One thing you don't mention, and I'm quite confused about, is what your PhD would actually be in. Web development and php, while important and valuable skills, do not prepare you for any sort of research I can think of.
On top of this, 6+ years is a long time to have been out of a field. Natural language processing, visual info processing and distributed programming have moved on tremendously in that time. Unless you've been doing something day to day which keeps you up to date with the cutting edge, you're going to be very behind.
On the other hand...
Research isn't about getting grades - it's about being able to publish work that is useful to others. When you applied before, all people had to judge your potential to achieve this was your (average) grades. Now though, you've been out in the wild for a few years doing stuff. If you can present things you've done which will convince a potential supervisor that you can come up with novel solutions of a quality high enough to get into a journal, then you've got a shot at it. My (wild) guess would be you should aim for a lab that does applied stuff rather than theoretical stuff, where your prior day to day coding experience might shine through.
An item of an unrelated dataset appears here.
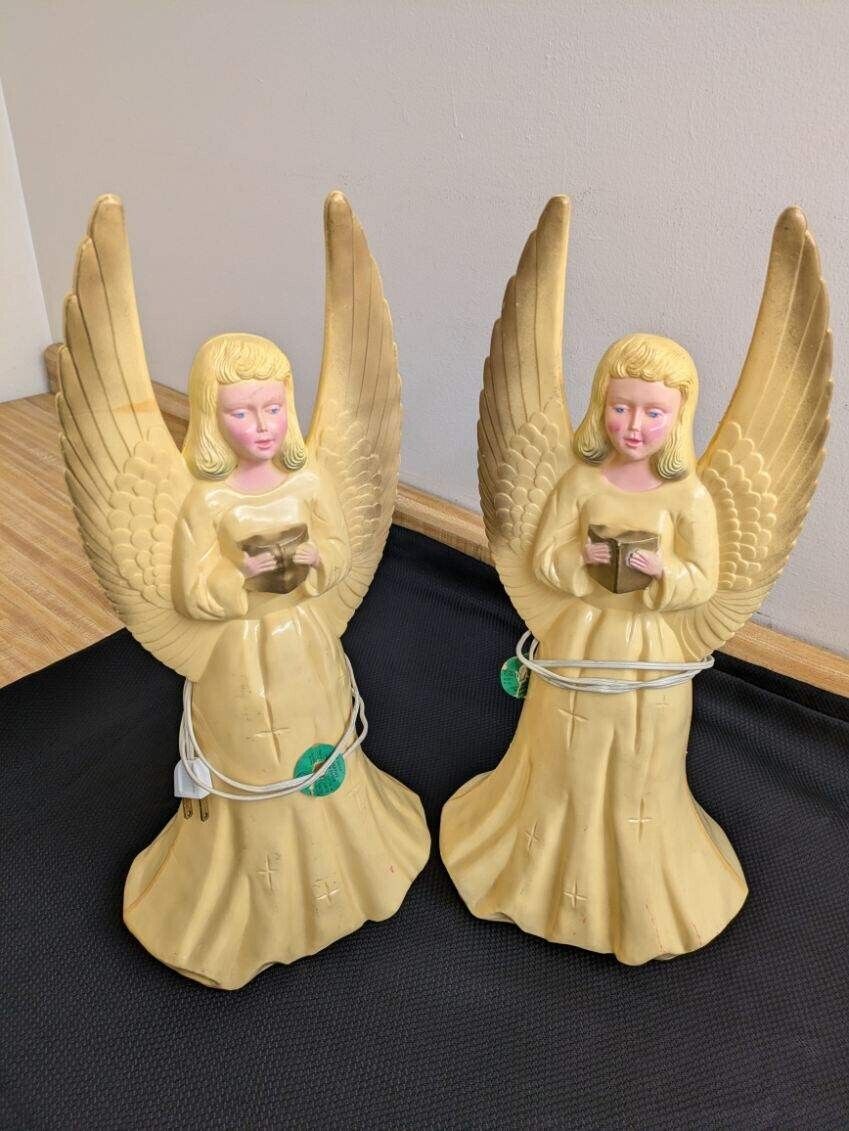 Vtg. pair hard plastic large light up Christmas angels.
As an aside, have you considered applying to get chartered status in your field rather than a doctorate? It's challenging to get so generally highly thought of (this varies country to country and profession to profession though) and more closely based on industrial experience. If you have six years of that under your belt, along with a relevant masters degree, then you may be well on the way already. The yearly fees once you have it can be expensive, but worth checking out if you haven't already.